Study of the suppression of a tumor growth expressing a carcinoembryonic antigen with a new high-tech drug carplasmin (CAR-T therapy) in Balb/c nude mice

Introduction. Adoptive immunotherapy based on chimeric antigen receptors (CAR) is considered as a promising direction in the treatment of solid malignant tumors. To produce genetically modified human T-lymphocytes, lenti/retroviral transduction is currently most often used. However, safety concerns associated with the viral vector production and possible unwanted genome modification limit the clinical utility of CAR-T cells. Therefore, non-viral transfection methods, in particular electroporation, using of DNA or RNA vectors, are being actively studied as a method for producing CAR-T lymphocytes.

Aim. To evaluate in vivo antitumor activity of the new high-tech drug carplasmin, intended for CAR-T therapy of tumors expressing carcinoembryonic antigen (CEA). Materials and methods. Carplasmin was obtained by electroporation of activated human lymphocytes with plasmid DNA carrying the third generation CAR gene specific to CEA. The study was performed on a human colorectal cancer xenograft model obtained by intraperitoneal injection of CEA-positive HCT116 cell line to athymic Balb/c nude mice. Carplasmin treatment was carried out once a week, starting from the third day after HCT116 cell inoculation. Mice in the two control groups were treated with either electroporated lymphocytes without plasmid addition (pulse-lymphocytes) or RPMI-1640 culture medium (group without treatment).

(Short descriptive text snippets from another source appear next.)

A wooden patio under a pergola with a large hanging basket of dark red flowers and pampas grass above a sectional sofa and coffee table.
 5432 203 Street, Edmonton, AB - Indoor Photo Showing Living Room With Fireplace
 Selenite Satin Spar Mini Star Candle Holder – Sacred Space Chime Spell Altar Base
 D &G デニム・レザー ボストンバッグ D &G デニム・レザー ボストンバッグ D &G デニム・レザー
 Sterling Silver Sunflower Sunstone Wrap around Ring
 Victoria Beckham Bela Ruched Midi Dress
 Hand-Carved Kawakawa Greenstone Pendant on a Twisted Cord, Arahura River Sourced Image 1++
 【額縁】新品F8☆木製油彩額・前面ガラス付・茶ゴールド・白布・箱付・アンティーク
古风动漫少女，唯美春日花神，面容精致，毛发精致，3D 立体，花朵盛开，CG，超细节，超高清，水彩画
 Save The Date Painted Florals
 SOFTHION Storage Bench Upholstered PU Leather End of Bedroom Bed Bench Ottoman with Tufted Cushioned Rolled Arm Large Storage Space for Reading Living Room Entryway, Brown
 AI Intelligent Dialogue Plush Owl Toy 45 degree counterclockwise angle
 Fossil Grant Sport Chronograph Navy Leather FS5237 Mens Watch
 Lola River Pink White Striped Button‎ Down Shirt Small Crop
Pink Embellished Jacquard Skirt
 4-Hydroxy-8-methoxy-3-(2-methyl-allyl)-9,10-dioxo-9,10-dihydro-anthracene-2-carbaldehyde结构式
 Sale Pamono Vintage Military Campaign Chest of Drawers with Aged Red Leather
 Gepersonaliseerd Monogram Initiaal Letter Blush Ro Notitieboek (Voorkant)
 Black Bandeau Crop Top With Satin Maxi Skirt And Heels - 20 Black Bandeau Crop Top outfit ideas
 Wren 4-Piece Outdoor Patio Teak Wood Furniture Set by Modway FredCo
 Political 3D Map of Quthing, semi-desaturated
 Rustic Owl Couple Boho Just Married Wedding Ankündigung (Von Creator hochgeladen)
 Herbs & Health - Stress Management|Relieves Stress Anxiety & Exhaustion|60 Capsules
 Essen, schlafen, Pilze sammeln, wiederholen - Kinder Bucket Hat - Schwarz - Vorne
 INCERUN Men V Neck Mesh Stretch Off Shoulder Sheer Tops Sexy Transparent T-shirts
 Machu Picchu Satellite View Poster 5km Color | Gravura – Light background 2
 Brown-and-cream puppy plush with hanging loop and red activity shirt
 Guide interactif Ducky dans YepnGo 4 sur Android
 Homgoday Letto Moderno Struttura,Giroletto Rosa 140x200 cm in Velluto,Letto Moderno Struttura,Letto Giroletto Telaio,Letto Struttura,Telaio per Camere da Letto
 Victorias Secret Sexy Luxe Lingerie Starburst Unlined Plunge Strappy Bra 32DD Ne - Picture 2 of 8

Results. In vivo, carplasmin demonstrated a pronounced antitumor effect. Seven weekly injections of the drug to inoculated mice led to a prominent effect of antitumor therapy: 80 % of the animals in the experimental group survived (with 40 % of the mice had a complete remission without signs of a detectable tumor), compared to 100 % death in the control group (without treatment).

Conclusion. The results of preclinical efficacy studies demonstrate that carplasmin is a promising drug for the treatment of CEA-positive intraperitoneal tumors.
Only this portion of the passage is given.